Again, this code only defines the expression. It is not executed right away.

  • With everything in place, we can now get the session and start working with the Tensors
with tf.Session() as sess:
    sess.run(tf.global_variables_initializer())
    print("Initialized variables\n----------------------------------------------")
    print(t4.eval())

    sess.run(exp, feed_dict = {t3:1})
    print("\nAfter First Run\n--------------------------------------------------")
    print(t4.eval())

    sess.run(exp, feed_dict = {t3:1})
    print("\nAfter Second Run\n-------------------------------------------------")
    print(t4.eval())

    sess.run(exp, feed_dict = {t3:1})
    print("\nAfter Third Run\n--------------------------------------------------")
    print(t4.eval())

Here, we actually run the code. We start with initiating the session. We have to initialize the variables. So far, t4 was just declared, not initialized. Here, we actually initialize it. The initialize code is executed. In this case, it happens to be "tf.ones_initializer". So, t4 starts as a 4x4 Tensor with all values set to 1.

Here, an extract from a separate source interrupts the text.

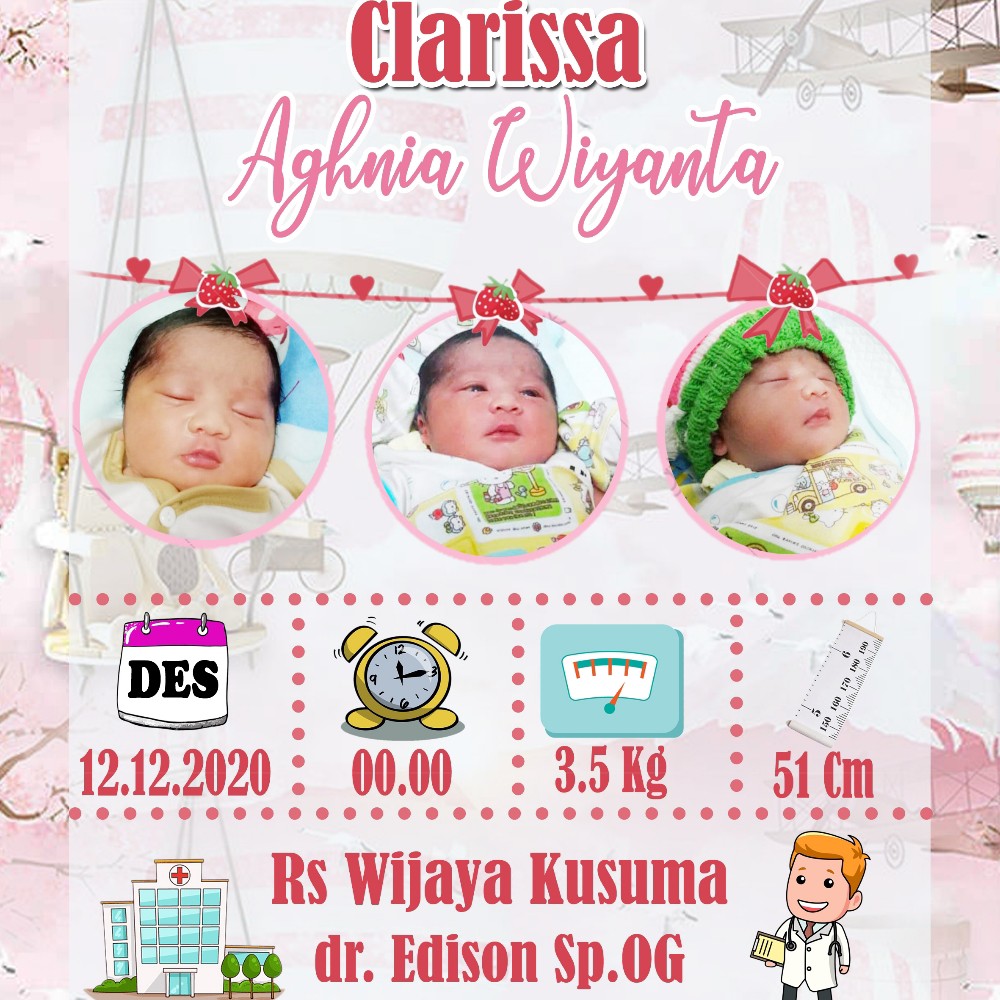 Detail Desain Foto Anak Nomer 54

Next, we run the expression along with the feed_dict. Remember that the expression has a placeholder t3. It will not evaluate unless we give it a value for t3. This value is passed through feed_dict. Each run updates t4 and assigns a new value to it.

The above code generates this output:

Initialized variables
----------------------------------------------
    [[1. 1. 1. 1.]
    [1. 1. 1. 1.]
    [1. 1. 1. 1.]
    [1. 1. 1. 1.]]

After First Run
--------------------------------------------------
    [[11.483105 10.39291  11.380319  9.601738]
    [11.483105 10.39291  11.380319  9.601738]
    [11.483105 10.39291  11.380319  9.601738]
    [11.483105 10.39291  11.380319  9.601738]]

After Second Run
-------------------------------------------------
    [[20.483215 16.11417  19.363663 15.015686]
    [20.483215 16.11417  19.363663 15.015686]
    [20.483215 16.11417  19.363663 15.015686]
    [20.483215 16.11417  19.363663 15.015686]]

After Third Run
--------------------------------------------------
    [[32.022038 26.227888 28.65984  23.72137 ]
    [32.022038 26.227888 28.65984  23.72137 ]
    [32.022038 26.227888 28.65984  23.72137 ]
    [32.022038 26.227888 28.65984  23.72137 ]]

One can evaluate the expression three times to assert the output is same as we expected.